2.4 Data Presentation

Finally, let’s do the data presentation.

At this point, the official website of the Health commission article data crawl finished.

Three, write in the back of the words

It’s been a long time since I wrote a blog.

And the time after the work is really not before in the school so generous, can only take advantage of the time after work out to write. This blog has been written on and off for over a week.

But I will continue to study and hone my skills.

Back to the reptile.

Although from the result, I was successful in the site of the target data to climb down, is a success. But to be fair, from the point of view of the crawler code itself, writing is not so beautiful, including the use of these libraries is not so skilled, there is still a lot of room for improvement.

The most important point of this post is to introduce some ideas, and I hope you can share some tips of your own crawler.

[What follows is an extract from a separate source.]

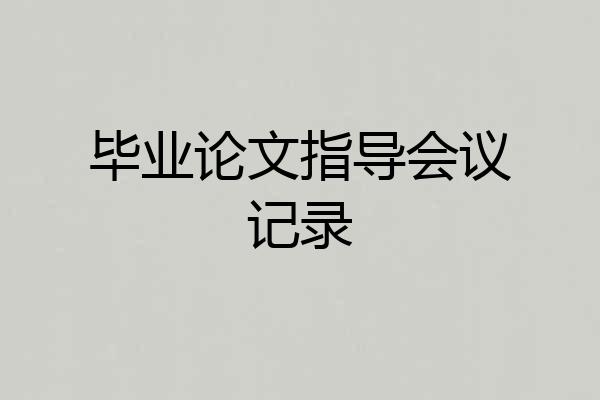 毕业论文指导会议记录
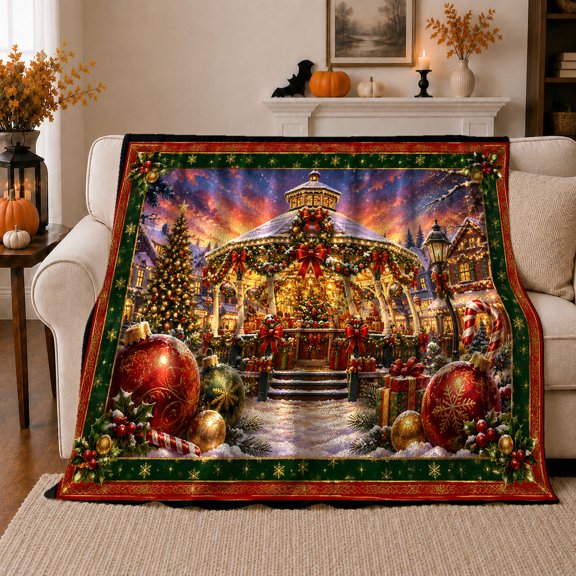 Snowy Gazebo Gifts Under Twilight Sky Festive, Festive Holiday Scene, Warm Flannel Blanket for Living Room and Reading Nook, Art Lovers Christmas Gift, Festive Home Decor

At the same time, I hope this post will provide you with inspiration and direction when you are confused about what to do with these websites.


2020.5.29 supplement

1. It is important to forget to mention that to prevent servers from monitoring WebDriver, you need to disable –enable-automation before launching, as shown below.

from pyppeteer import launcher
# Disable --enable-automation before importing launch to prevent webDriver monitoring
launcher.DEFAULT_ARGS.remove("--enable-automation")

from pyppeteer import launch
Copy the code

I just commented this out in the source code to save trouble (I don’t think there’s any need for it to be tested anyway)

File path: Python37_64\Lib\site-packages\pyppeteer\launcher.py in the Python installation path.

  1. The file name is the title of the article and the screenshot of the data display part. In order to review, I batch renamed it as the release date. Please understand.

If there is something not clear or wrong in the article, please comment in the comment area, or scan the QR code below, and add my wechat, so that we can learn and communicate together and make progress together.